(What is required): Reproduce the listing exactly and skip over any pictures.

───── Data extract ─────

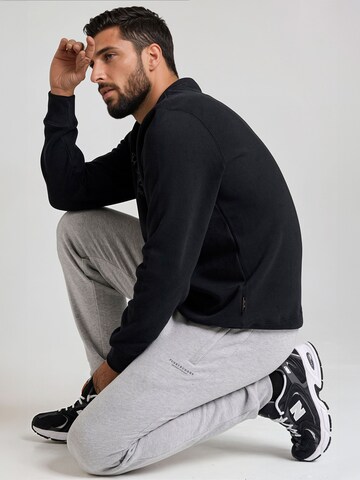 Funky Buddha Дънки Tapered Leg Панталон в сиво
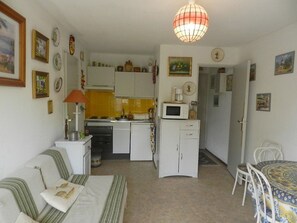 Interior - 2-Room Apartment Near Beach with Garage - 4 Guests (Bormes-les-Mimosas)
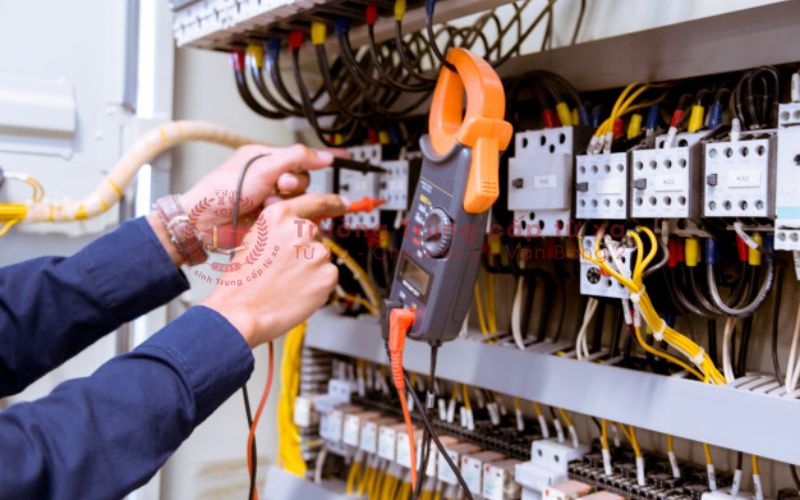 Học Cao đẳng Điện công nghiệp online có được cấp bằng không?
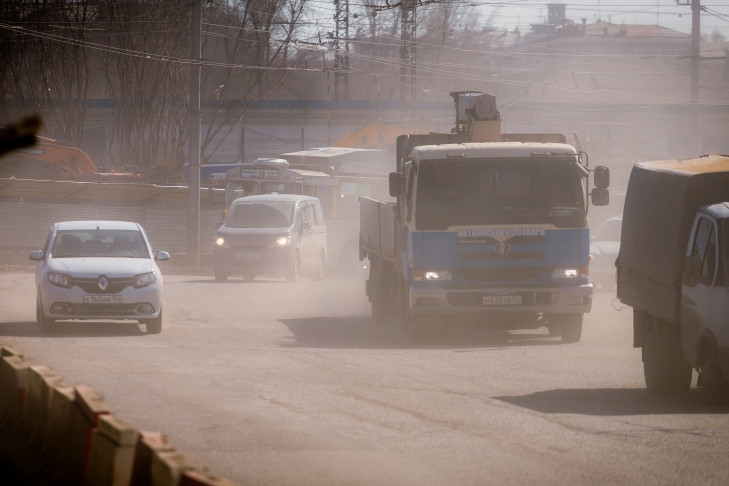 Строители Центрального моста спорят с мэром из-за пыли в Новосибирске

─────

(Answer to the exercise):
 Funky Buddha Дънки Tapered Leg Панталон в сиво
 Interior - 2-Room Apartment Near Beach with Garage - 4 Guests (Bormes-les-Mimosas)
 Học Cao đẳng Điện công nghiệp online có được cấp bằng không?
 Строители Центрального моста спорят с мэром из-за пыли в Новосибирске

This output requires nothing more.